9. Felix Mendelssohn Octet in E-flat major, Op.20

Mendelssohn wrote this when he was sixteen. Mendelssohn, and his love for his sister Fanny, plays a small part in this novel for several reasons. If there is a piece of Mendelssohn's most often mentioned in Be My Wolff, it is The Hebrides (or Fingal's Cave), Op. 26, but it was the immensity of feeling and energy of the Octet that swirled about in my head in the course of writing, however, because it informed me about the boy and the man. I also listened to his sister Fanny's Piano Trio in D Major, Op 11. This man of extraordinary talents and moods and capacities died aged thirty-eight, less than six months after his beloved sister Fanny. I think the tempest of his life and his 'Hebrides Overture' and his loves much affects Rachel Wolff.

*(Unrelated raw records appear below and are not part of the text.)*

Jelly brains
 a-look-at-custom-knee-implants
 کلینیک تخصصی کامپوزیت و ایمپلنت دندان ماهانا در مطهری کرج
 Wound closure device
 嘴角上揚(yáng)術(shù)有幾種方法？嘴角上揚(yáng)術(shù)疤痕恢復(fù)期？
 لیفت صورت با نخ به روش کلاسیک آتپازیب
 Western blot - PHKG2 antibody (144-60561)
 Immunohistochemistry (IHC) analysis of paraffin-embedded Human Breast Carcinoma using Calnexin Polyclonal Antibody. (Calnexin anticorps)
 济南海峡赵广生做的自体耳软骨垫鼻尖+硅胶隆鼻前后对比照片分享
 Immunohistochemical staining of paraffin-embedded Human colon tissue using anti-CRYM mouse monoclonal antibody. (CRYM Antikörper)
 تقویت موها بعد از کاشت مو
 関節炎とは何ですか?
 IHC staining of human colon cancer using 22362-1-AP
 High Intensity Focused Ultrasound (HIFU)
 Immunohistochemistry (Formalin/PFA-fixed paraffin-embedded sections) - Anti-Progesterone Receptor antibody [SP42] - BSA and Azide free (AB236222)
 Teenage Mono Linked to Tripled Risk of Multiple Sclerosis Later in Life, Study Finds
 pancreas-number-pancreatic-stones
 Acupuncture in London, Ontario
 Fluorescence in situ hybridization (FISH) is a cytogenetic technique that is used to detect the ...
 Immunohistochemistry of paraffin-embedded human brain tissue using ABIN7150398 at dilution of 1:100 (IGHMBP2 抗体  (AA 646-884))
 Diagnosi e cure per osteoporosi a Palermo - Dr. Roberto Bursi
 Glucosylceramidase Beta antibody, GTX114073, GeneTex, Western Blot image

10. The writing of Be My Wolff was a compulsive and obsessive and feverish adventure and took up many years of my life. I often lay on the floor with exhaustion and, for relaxation, would listen to Max Richter's Recomposed, his Vivaldi Four Seasons adaptation, published in 2012. It is beyond measure exhilarating and moving and I am attached to it for many reasons, amongst them my childhood memories of listening to The Four Seasons on car journeys to and from our country house in the Eastern Townships, Quebec, and my more recent interest in the man as a music teacher at the orphanage, the Ospedale della Pietà in Venice in the early 18thc, a detail about which I had been ignorant and which fed my fascination for the tardy foundation of the Foundling Hospital in London and the support it found in another remarkable composer and émigré German, George Frideric Handel.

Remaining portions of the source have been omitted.